Like the house, the carriage house is of brick on a marble foundation, with marble trim. It is two stories tall. At its roofline is a Doric cornice and balustrade. The door and six-over-one double-hung sash windows are capped with flat marble arches. Like the main house, bricks on the south (front) facade are laid in Flemish bond, the other three are in common bond. The north and east facades have windows while the west is blind as it once abutted a neighboring building. Inside its walls were historically unfinished brick and the floor partially paved, with minimal decoration, although that has been changed by the building's adaption for office use.

==History==

In 1853, Benjamin W. Arnold of Albany had established his lumber business in partnership with a Michigan man. By the 1880s they were selling lumber from all over the Great Lakes via the Erie Canal. A thousand employees worked in their mills, and the firm had a large portion of dock space on Albany's waterfront. Benjamin Walworth Arnold succeeded his father upon his 1891 death and continued to expand the business. He eventually became president of the Duluth and Northern Minnesota Railroad, and married into the Van Rensselaer family, descendants of the patroons of the area during Dutch Colonial times.
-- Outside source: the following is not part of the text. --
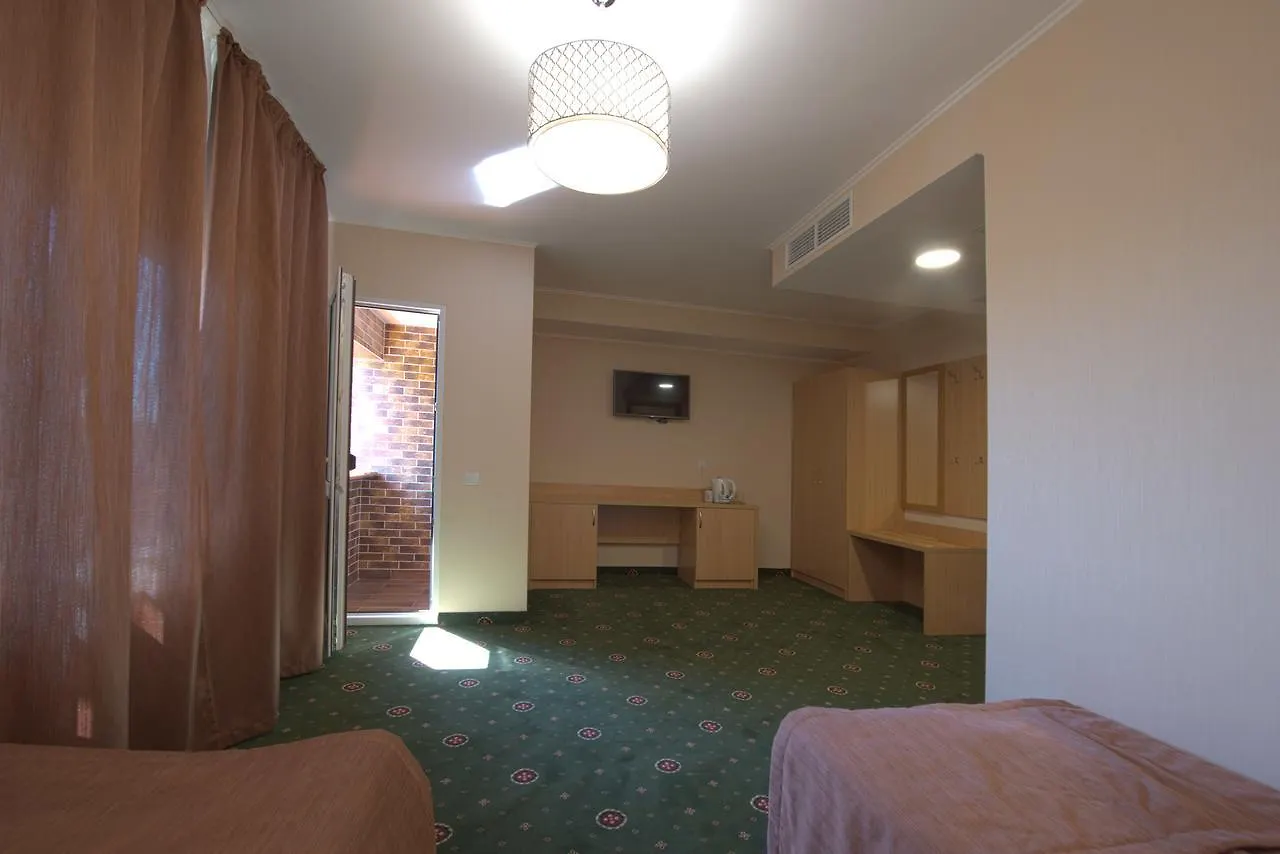 Advenus Hotel Lwów 0*,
By the turn of the century the lumber business in Albany was declining as forests and markets opened up further west. Arnold turned his attentions to more local industries, such as banking, and began giving away money to local causes. In 1904 he commissioned Stanford White, who had worked for Henry Hobson Richardson as a draftsman thirty years earlier on the state capitol but had not built anything of his own in the city, to design a house on the site of an old chapel that was demolished to make way for it, along with a carriage house on a nearby block. It used the new Colonial Revival architectural style, very different from the homes of other wealthy Albany residents built in the area at the time, making it the subject of extended commentary in local newspapers of the time. It was also the first fully electrified home in the city. White, who did not remain in Albany to oversee the construction, was murdered by Harry Thaw two years later, leaving Arnold's buildings as his only work in Albany.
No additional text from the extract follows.